Salt Lake City - For the last 40 years, dropping into a bar in Utah has been a complicated affair: Patrons have to fill out an application, pay a fee and become a member before they can go in for a drink.
It is one of several restrictive rules governing alcohol consumption in Utah that made the heavily Mormon state one of the toughest places in the nation to get a drink.
But some of that will change on Wednesday when a new state law kicks in eliminating the need for people to become members of bars to go inside.
"I've owned clubs for eight years now, and I never thought this was going to happen," said Jason Rasmussen, owner of A Bar Named Sue. "This is huge."
Bars and drinkers are so thrilled by the new rules that they are planning what is expected to be the largest pub crawl in state history Wednesday, complete with free shuttle buses and taxis to 16 bars to commemorate what some are calling Private Club Independence Day.
The change is being made in an effort to make the state more appealing to tourists and to give businesses and employees considering moving here one fewer reason to stay away.
"We're rolling out the welcome mat to the world," Gov. Jon Huntsman, a nondrinking Mormon, said in a statement to The Associated Press.
Huntsman wanted to scrap the private club system to improve economic development ever since taking office in 2005, but it wasn't politically feasible until he won a second term in November by the largest margin in state history.
Huntsman had pledged not to seek a third term and was willing to spend political capital in a state primarily comprised of teetotalers to usher in the changes.
About 60 percent of Utah residents and more than 80 percent of state lawmakers belong to The Church of Jesus Christ of Latter-day Saints, which tells its members to abstain from alcohol and has always helped shape alcohol policy in the state.
"This is going to be quite the legacy for him," said Scott Beck, CEO of the Salt Lake Convention and Visitors Center.

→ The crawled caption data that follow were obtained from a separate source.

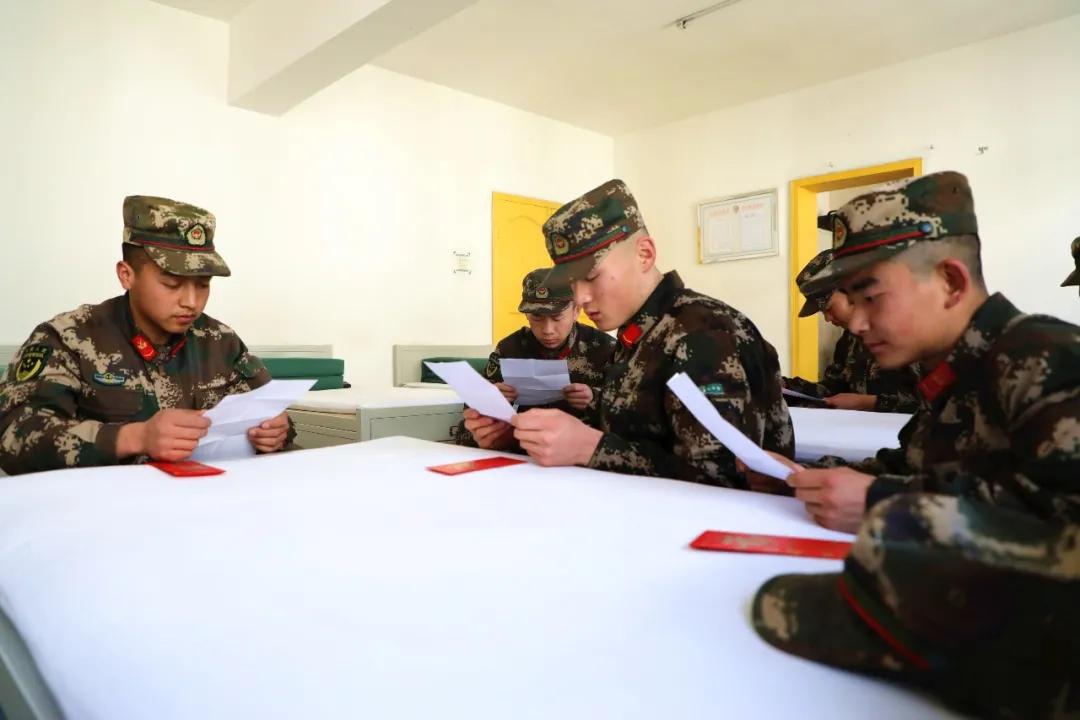 侯<a href=http://www.cngansu.cn/news/ target=_blank class=infotextkey></a>ܶӻ֧ӣԡף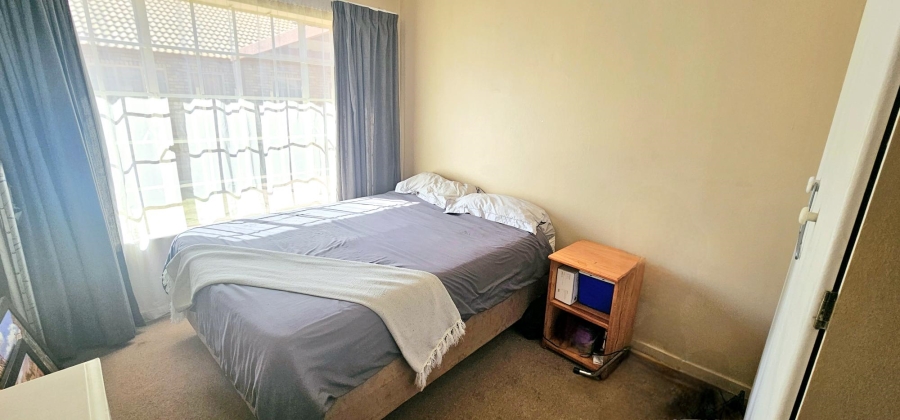 2 Bedroom Property for Sale in Eldoraigne Gauteng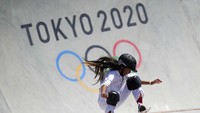 Kokona Hiraki menorehkan sejarah saat tampil dan meraih medali di negeri sendiri dalam gelaran Olimpiade Tokyo 2020. Usianya masih 12 tahun.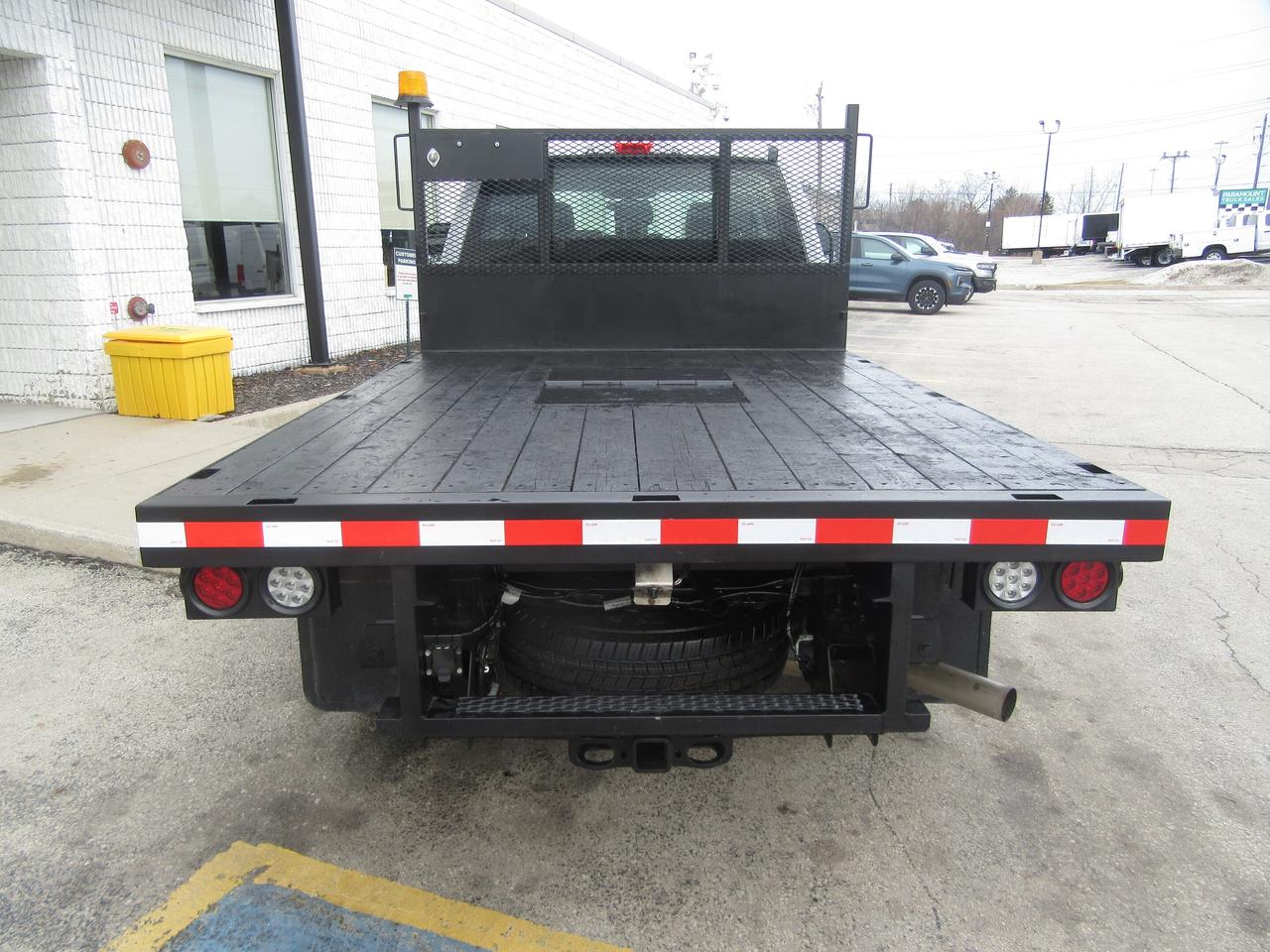 2024 Ford F-350 4X4 CREW CAB 9 FT FLAT DECK Photo3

Beck said the top reason Salt Lake City loses convention business is because of a perception of a lack of nightlife and entertainment that was exacerbated by the state's private club system.
Although technically private, Utah's bars have been open to anyone willing to fill out the membership form and pay a fee. Still, it wasn't uncommon to see a parade of tourists walk out of a bar when told it was for members only and that they'd have to buy a membership to get in, even if only to order a hamburger to go or use the restroom.
Customers have been required to buy a separate membership at every bar, costing at least $12 per year per bar. Temporary memberships lasting up to three weeks cost at least $4 per bar.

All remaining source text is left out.